I'm trying to take two XML files (a full file and an incremental file) and merge them together. The XML file looks like this:
<List>
<Records>
<Person id="001" recordaction="add">
...
</Person>
</Records>
</List>
The recordaction attribute can also be "chg" for changes or "del" for deletes. The basic logic of my program is:
1) Read the full file into an XmlDocument.
2) Read the incremental file into an XmlDocument, select the nodes using XmlDocument.SelectNodes(), place those nodes into a dictionary for easier searching.
3) Select all the nodes in the full file, loop through and check each against the dictionary containing the incremental records. If recordaction="chg" or "del" add the node to a list, then delete all the nodes from the XmlNodeList that are in that list. Finally, add recordaction="chg" or "add" records from the incremental file into the full file.
4) Save the XML file.
I'm having some serious problems with step 3. Here's the code for that function:
private void ProcessChanges(XmlNodeList nodeList, Dictionary<string, XmlNode> dictNodes)
{
XmlNode lastNode = null;
XmlNode currentNode = null;
List<XmlNode> nodesToBeDeleted = new List<XmlNode>();
// If node from full file matches to incremental record and is change or delete,
// mark full record to be deleted.
foreach (XmlNode fullNode in fullDocument.SelectNodes("/List/Records/Person"))
{
dictNodes.TryGetValue(fullNode.Attributes[0].Value, out currentNode);
if (currentNode != null)
{
if (currentNode.Attributes["recordaction"].Value == "chg"
|| currentNode.Attributes["recordaction"].Value == "del")
{
nodesToBeDeleted.Add(currentNode);
}
}
lastNode = fullNode;
}
// Delete marked records
for (int i = nodeList.Count - 1; i >= 0; i--)
{
if(nodesToBeDeleted.Contains(nodeList[i]))
{
nodeList[i].ParentNode.RemoveChild(nodesToBeDeleted[i]);
}
}
// Add in the incremental records to the new full file for records marked add or change.
foreach (XmlNode weeklyNode in nodeList)
{
if (weeklyNode.Attributes["recordaction"].Value == "add"
|| weeklyNode.Attributes["recordaction"].Value == "chg")
{
fullDocument.InsertAfter(weeklyNode, lastNode);
lastNode = weeklyNode;
}
}
}
The XmlNodeList being passed in is just all of the incremental records that were selected out from the incremental file, and the dictionary is just those same nodes but key'd on the id so I didn't have to loop through all of the incremental records each time.
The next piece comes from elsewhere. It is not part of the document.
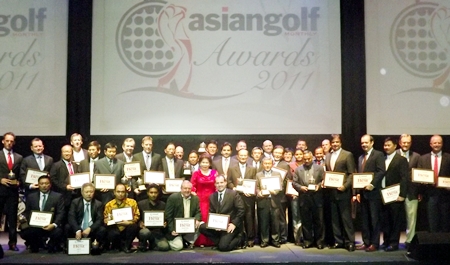 Award winners pose for a group photo at the Pattaya Exhibition and Convention Hall, Wednesday, November 2.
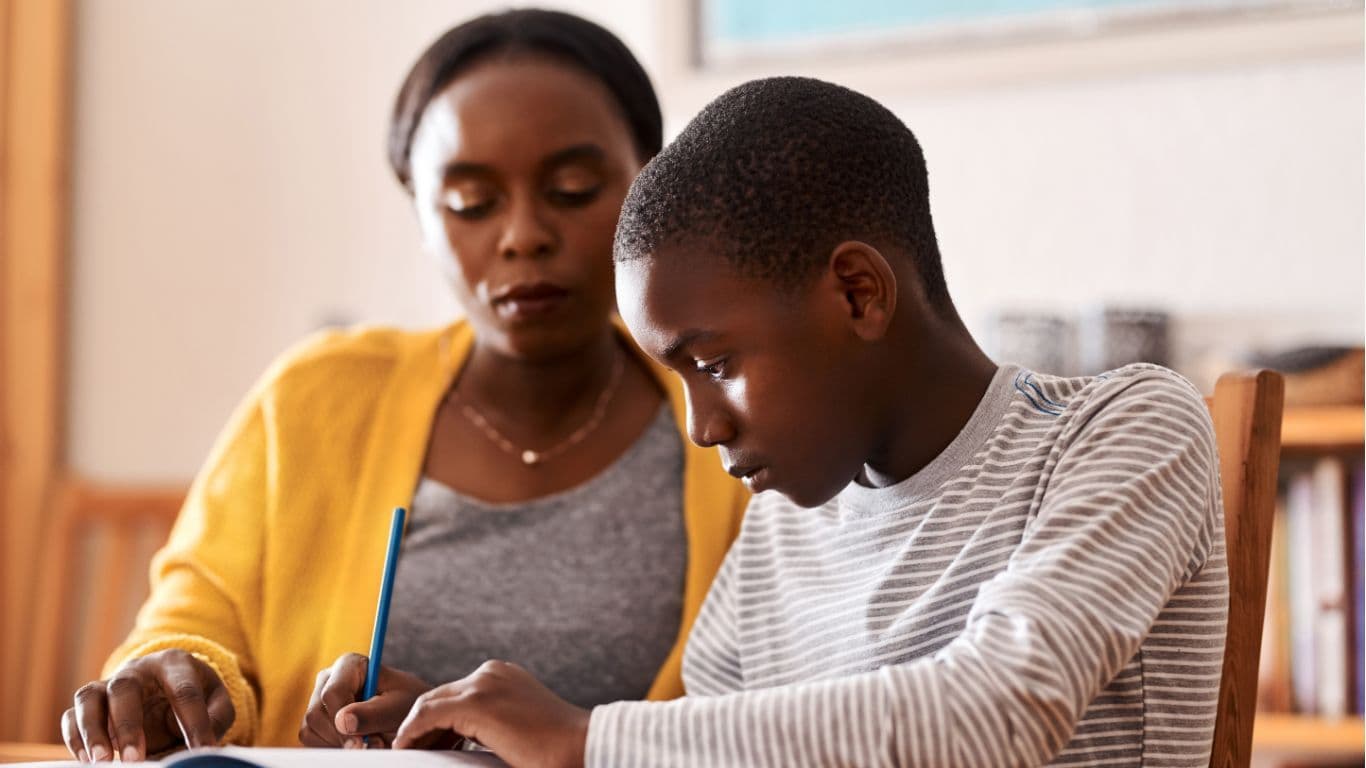 How to Know If Your Child Needs a Tutor: Identifying Signs for Academic Support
Right now the program is dying at the "Delete marked records" stage due to indexing out of bounds. I'm pretty sure the "Add in the incremental records" doesn't work either. Any ideas? Also some suggestions on making this more efficient would be nice. I could potentially run into a problem because it's reading in a 250MB file which balloons up to 750MB in memory, so I was wondering if there was an easier way to go node-by-node in the full file. Thanks!